▶ _Aim of the exercise_: Nothing but the records, repeated word for word and free of pictures, belongs in the answer.

Source data:

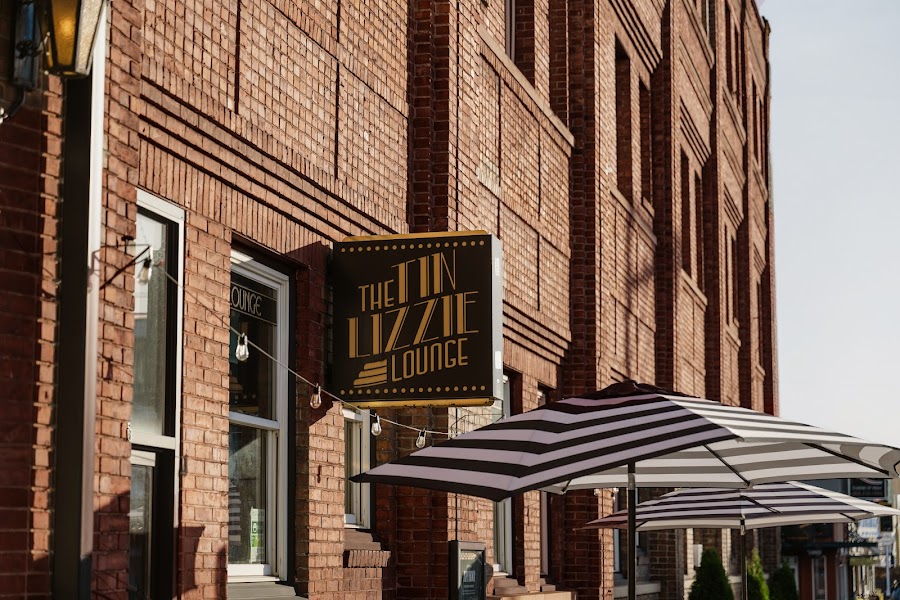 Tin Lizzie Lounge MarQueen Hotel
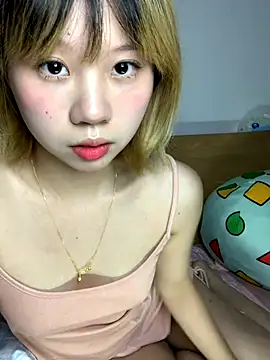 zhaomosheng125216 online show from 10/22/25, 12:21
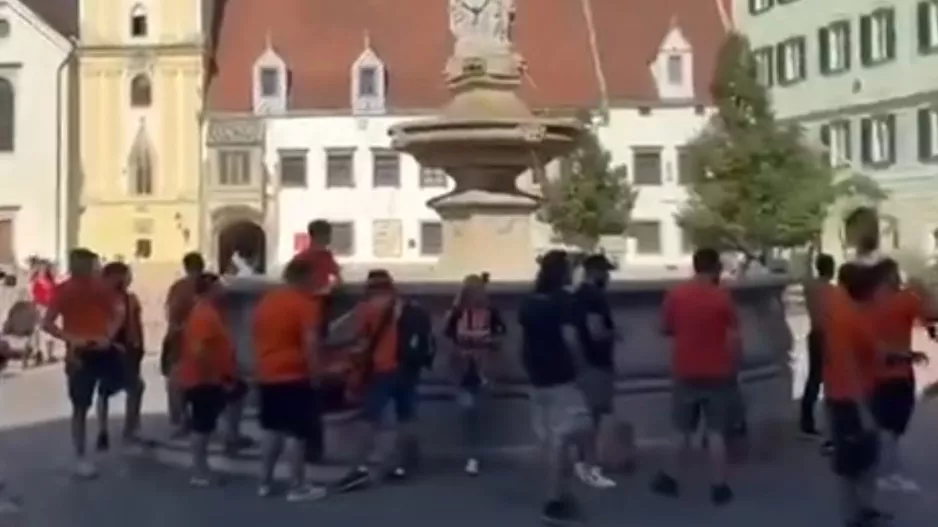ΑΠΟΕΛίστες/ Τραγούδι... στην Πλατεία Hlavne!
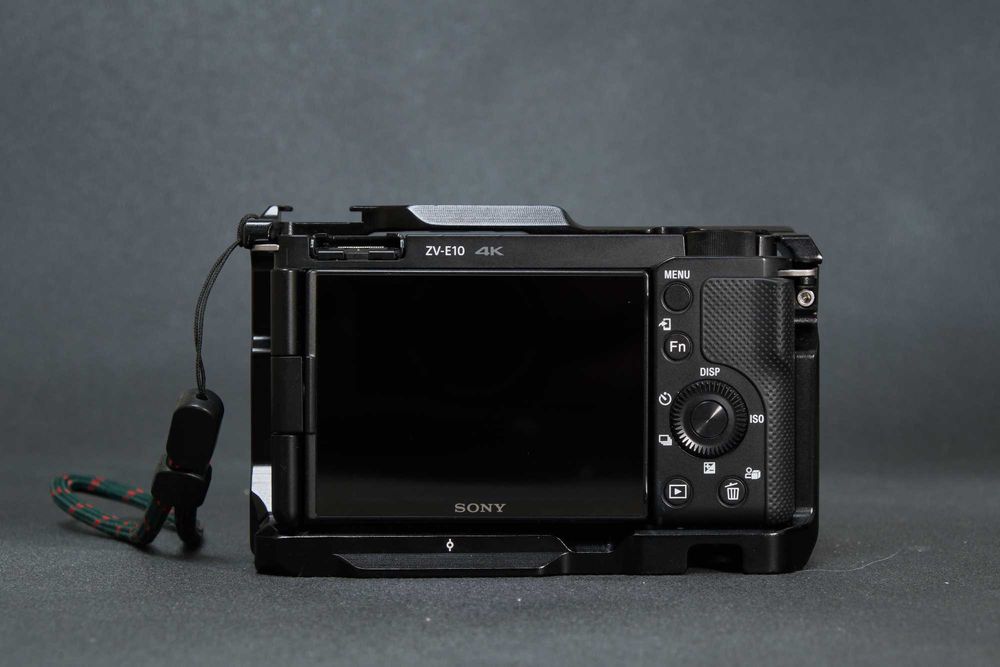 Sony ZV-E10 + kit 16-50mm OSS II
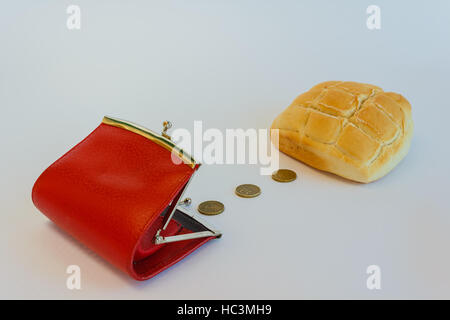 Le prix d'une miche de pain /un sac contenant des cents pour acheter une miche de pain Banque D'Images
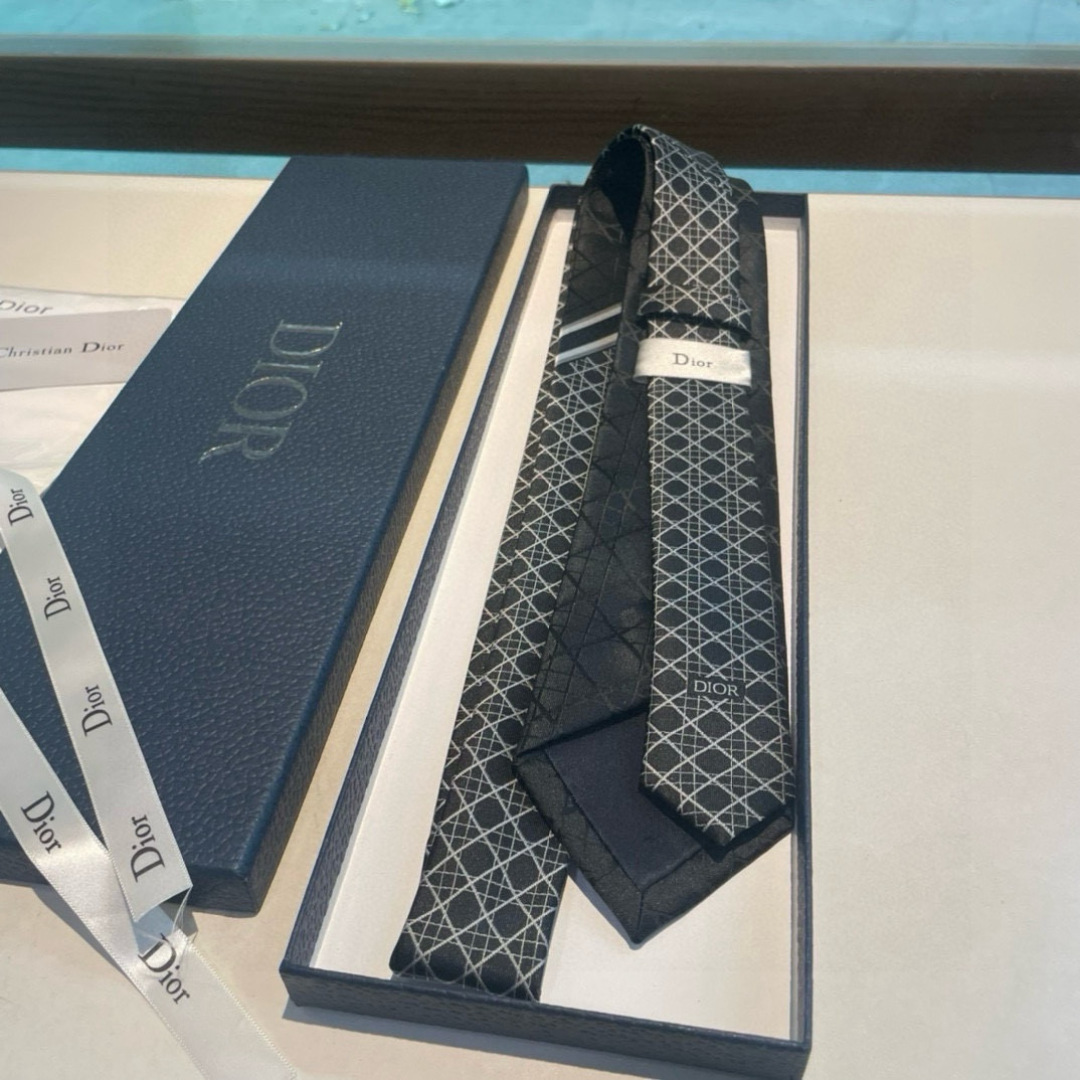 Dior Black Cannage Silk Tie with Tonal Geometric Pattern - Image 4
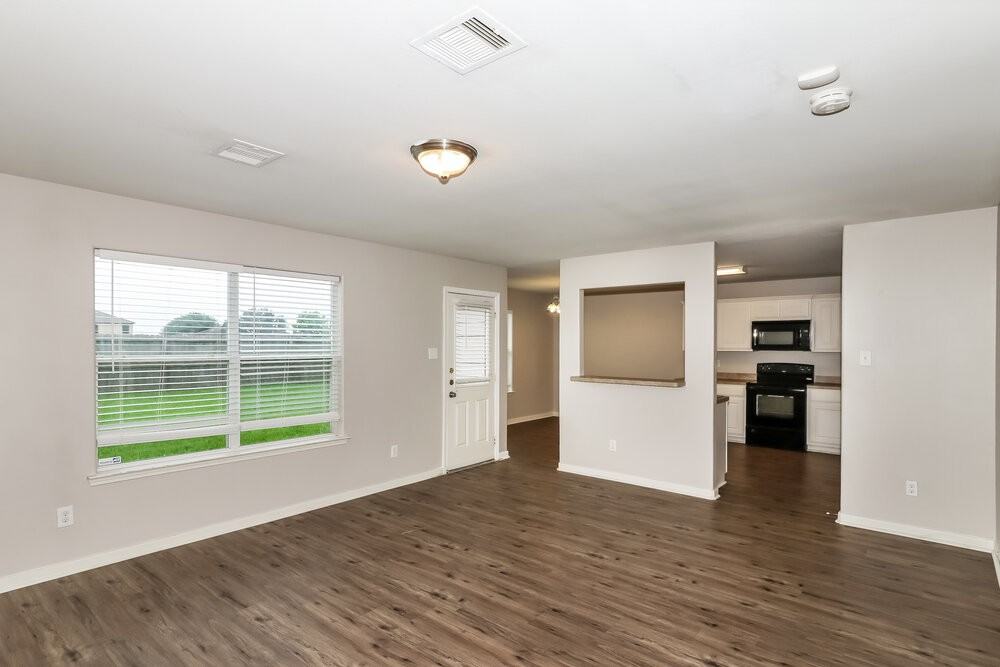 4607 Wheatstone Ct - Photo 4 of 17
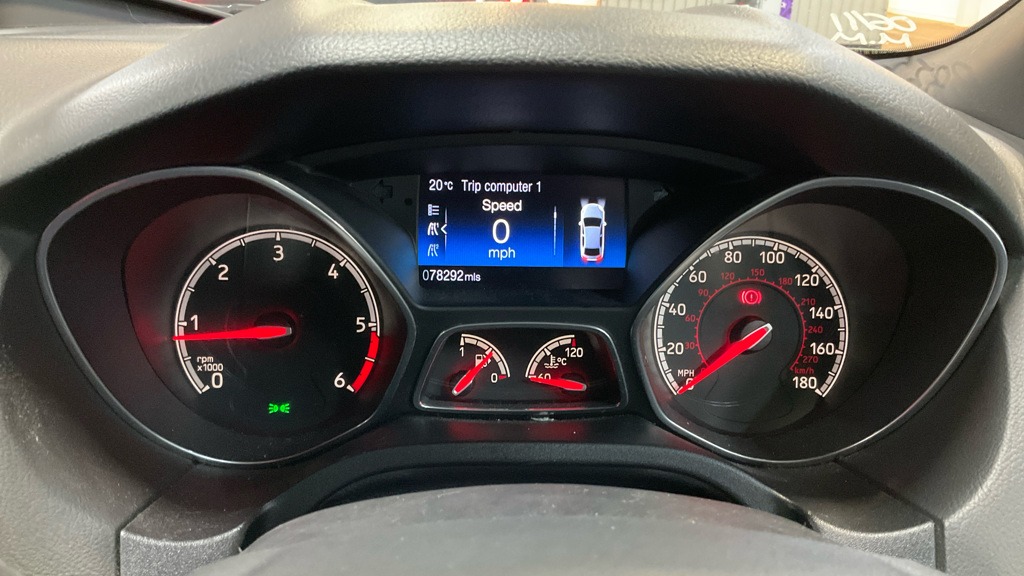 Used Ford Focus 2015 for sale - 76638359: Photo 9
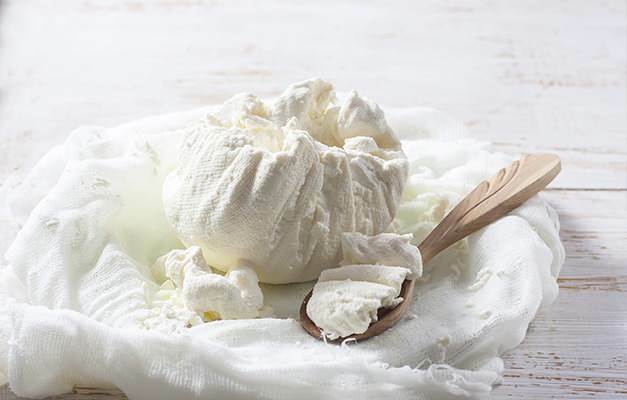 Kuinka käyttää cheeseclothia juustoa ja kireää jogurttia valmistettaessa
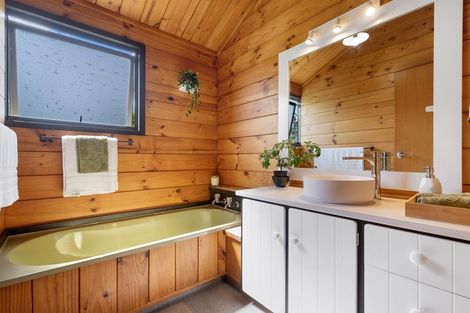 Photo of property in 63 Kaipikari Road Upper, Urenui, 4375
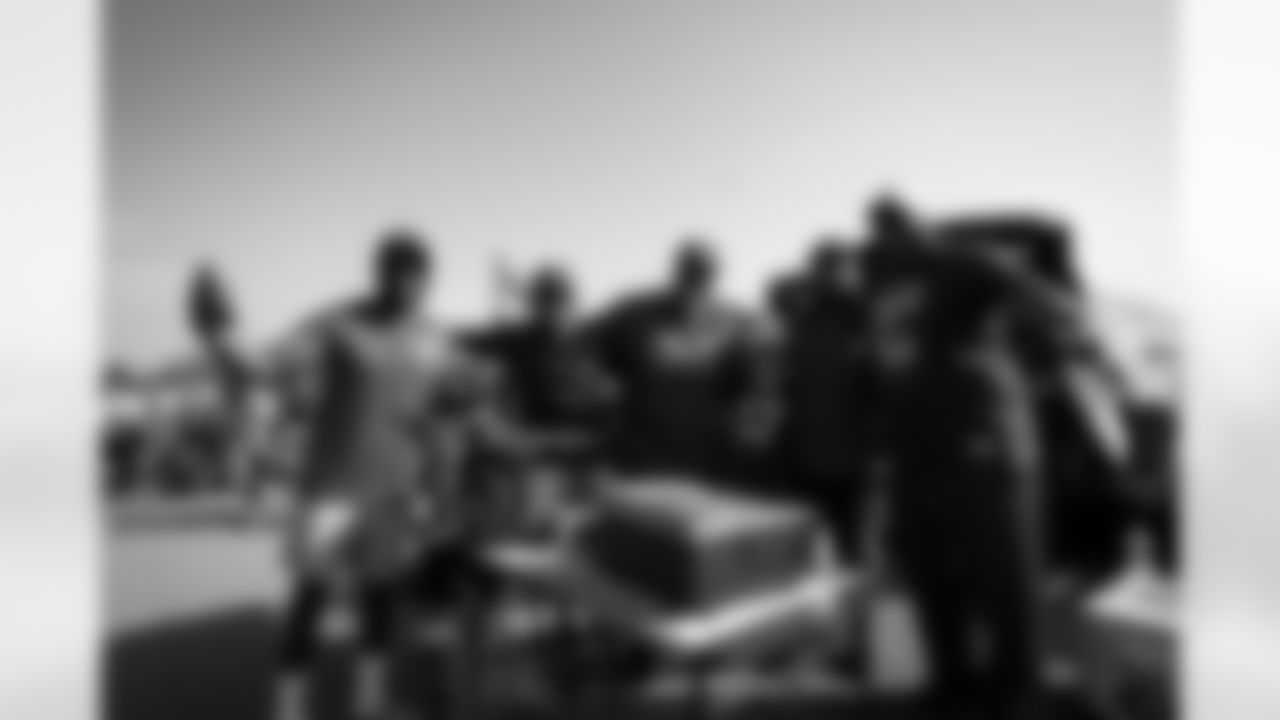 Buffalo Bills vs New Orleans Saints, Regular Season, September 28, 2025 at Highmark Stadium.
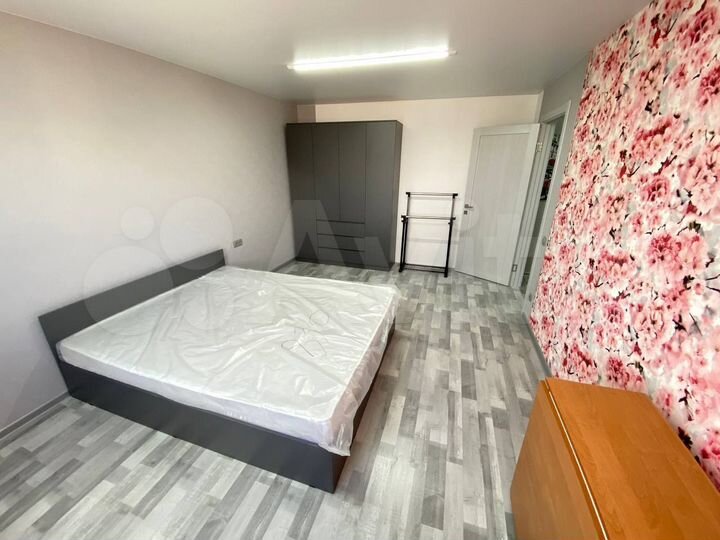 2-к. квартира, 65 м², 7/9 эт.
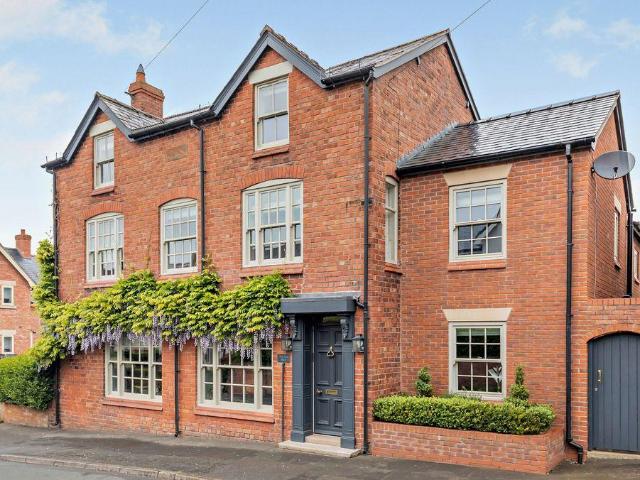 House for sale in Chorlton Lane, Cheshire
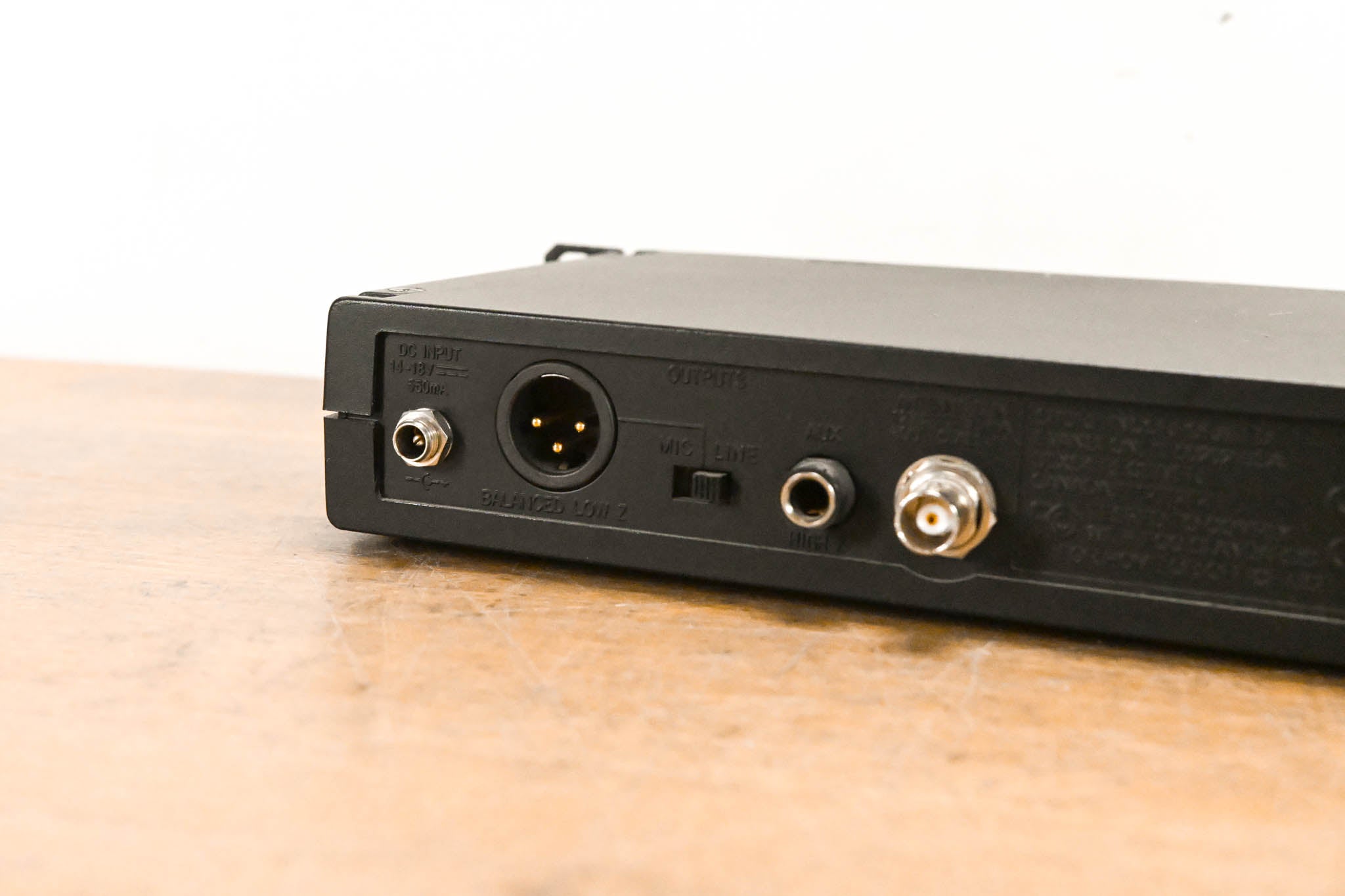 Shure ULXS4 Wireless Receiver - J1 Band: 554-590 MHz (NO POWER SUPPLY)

▶ _Solution for this task_:
 Tin Lizzie Lounge MarQueen Hotel
 zhaomosheng125216 online show from 10/22/25, 12:21
ΑΠΟΕΛίστες/ Τραγούδι... στην Πλατεία Hlavne!
 Sony ZV-E10 + kit 16-50mm OSS II
 Le prix d'une miche de pain /un sac contenant des cents pour acheter une miche de pain Banque D'Images
 Dior Black Cannage Silk Tie with Tonal Geometric Pattern - Image 4
 4607 Wheatstone Ct - Photo 4 of 17
 Used Ford Focus 2015 for sale - 76638359: Photo 9
 Kuinka käyttää cheeseclothia juustoa ja kireää jogurttia valmistettaessa
 Photo of property in 63 Kaipikari Road Upper, Urenui, 4375
 Buffalo Bills vs New Orleans Saints, Regular Season, September 28, 2025 at Highmark Stadium.
 2-к. квартира, 65 м², 7/9 эт.
 House for sale in Chorlton Lane, Cheshire
 Shure ULXS4 Wireless Receiver - J1 Band: 554-590 MHz (NO POWER SUPPLY)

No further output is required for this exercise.